Seinfeld, Season Eight, Episode Nineteen, “The Yada Yada”

George dates a woman who tends to skip over parts of a story with the phrase ‘yada yada’. Jerry becomes convinced Tim Whately converted to Judaism purely to make offensive jokes. Elaine accidentally messes up his friend’s chance to adopt a baby. Kramer and Mickey are dating the same two women, but aren’t sure who is dating whom.

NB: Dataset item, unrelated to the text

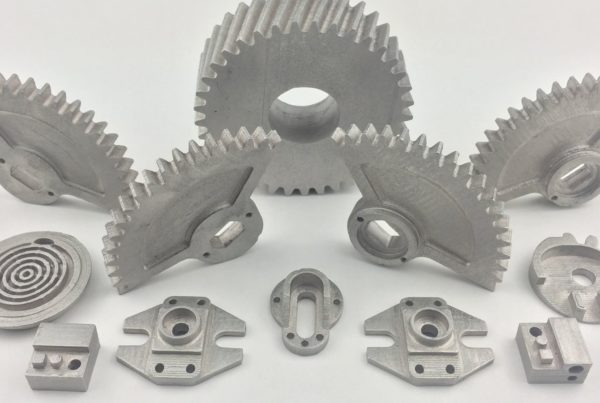 A collection of various metal mechanical components, including gears, brackets, and other precision parts, displayed on a white background.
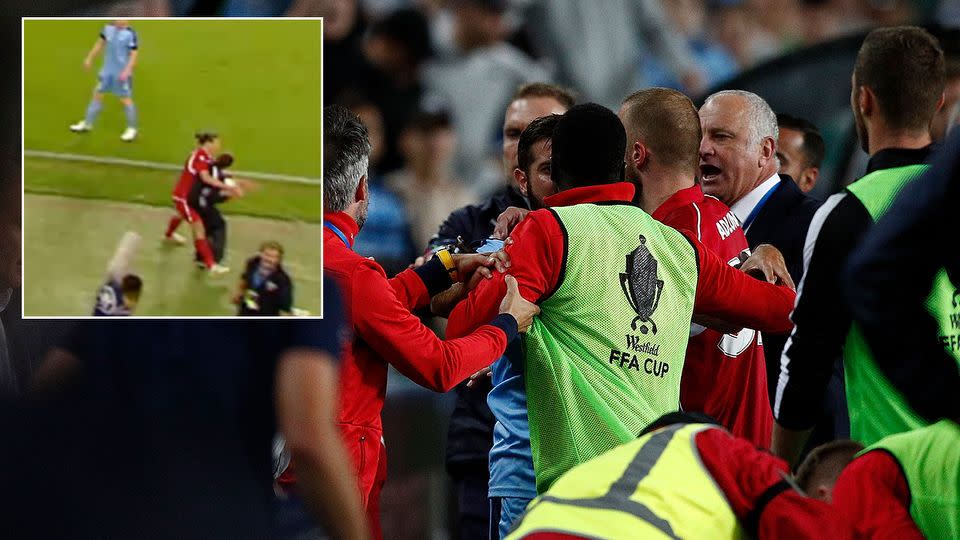 Wild scenes ensued after the ballboy hit the ground. Pic: Getty/Fox Sports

Written by: Peter Mehlman and Jill Franklyn
Directed by: Andy Ackerman

Past a certain point, there are very few bad Seinfeld episodes; the process (not formula) that they use to develop an episode is so honed that they can simply generate comedy. So it amazes me that every now and again, they do actually find a premise that pushes the show from Great and into something cosmic – it’s comparable to “Roswell That Ends Well”, where the basic ideas of the show end up pulling something that leaves you in awe as much as laughing – and here we have two separate reasons for it! It speaks to the tone and themes of the show that, in this case, it’s both a piece of language everyone runs away with and an action that’s Technically Not Illegal. We’ll start with the latter first – Tim Whately converting to Judaism just for the jokes. Apparently, this was based on the experience of writer Peter Mehlman, whose friend only worked up the courage to tell Jewish jokes twenty years after converting (and still offended Mehlman until he remembered).

This already starts funny; it’s a fairly basic idea in the Seinfeld universe to have no rule against something that makes everyone uncomfortable. The first pushing of this is when Jerry remarks, quite famously, that Tim’s jokes don’t offend him as a Jewish man, they offend him as a comedian. This is one of the most iconic lines in the show, I find, and it expresses something many of us feel. In fact, it might hit at why Seinfeld has managed to stay so relevant and age so well despite diving into edgy topics; people have an intuitive sense of the motivations of others, and one can usually tell when a joke has been made to put someone down, when it was made to puff the teller up, when it was to lecture the listener, when it was made to sound smart, to sound like what a funny person sounds like, to fit in, and even when it was made purely to make people laugh. Whatever Seinfeld‘s faults, its sole motivation was to make viewers laugh, and that tends to hold up and push it through edgy topics like a fish swimming through razor blades. In this specific case, it’s not so much that Jerry genuinely believes Tim is antisemetic, it’s that the timing is completely off.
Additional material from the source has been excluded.